• **Goal of the exercise**
Print the whole listing again exactly as it stands, leaving out any images.

• **Stored data**

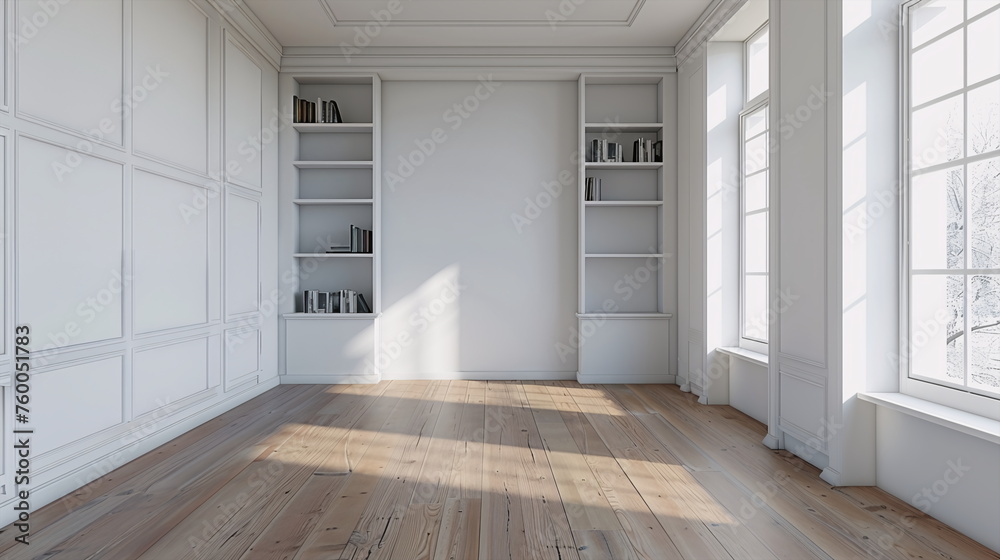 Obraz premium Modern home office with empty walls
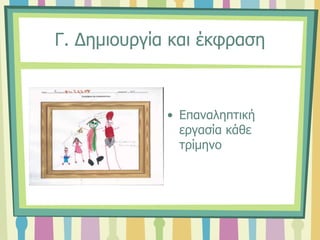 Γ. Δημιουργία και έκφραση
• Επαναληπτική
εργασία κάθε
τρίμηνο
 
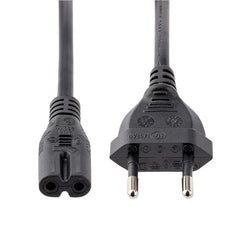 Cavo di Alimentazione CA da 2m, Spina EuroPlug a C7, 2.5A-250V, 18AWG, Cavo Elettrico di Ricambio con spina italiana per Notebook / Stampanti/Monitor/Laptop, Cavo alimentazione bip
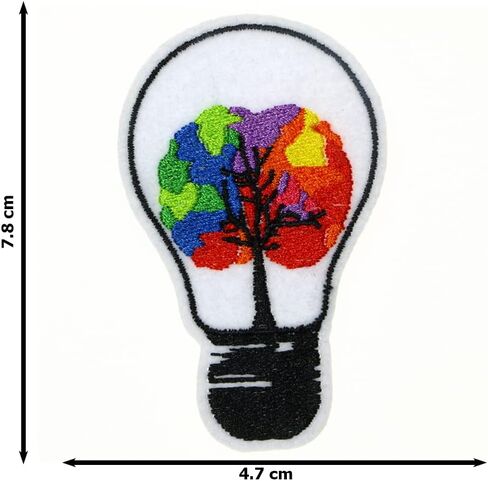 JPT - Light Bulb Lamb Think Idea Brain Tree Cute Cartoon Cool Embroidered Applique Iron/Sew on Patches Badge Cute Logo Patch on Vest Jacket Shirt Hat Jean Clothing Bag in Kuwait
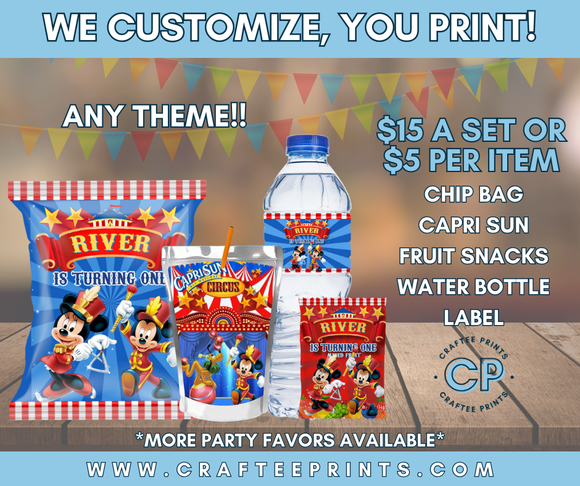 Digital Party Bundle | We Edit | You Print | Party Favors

• **Exercise solution**
 Obraz premium Modern home office with empty walls
 Γ. Δημιουργία και έκφραση
• Επαναληπτική
εργασία κάθε
τρίμηνο
 
 Cavo di Alimentazione CA da 2m, Spina EuroPlug a C7, 2.5A-250V, 18AWG, Cavo Elettrico di Ricambio con spina italiana per Notebook / Stampanti/Monitor/Laptop, Cavo alimentazione bip
 JPT - Light Bulb Lamb Think Idea Brain Tree Cute Cartoon Cool Embroidered Applique Iron/Sew on Patches Badge Cute Logo Patch on Vest Jacket Shirt Hat Jean Clothing Bag in Kuwait
 Digital Party Bundle | We Edit | You Print | Party Favors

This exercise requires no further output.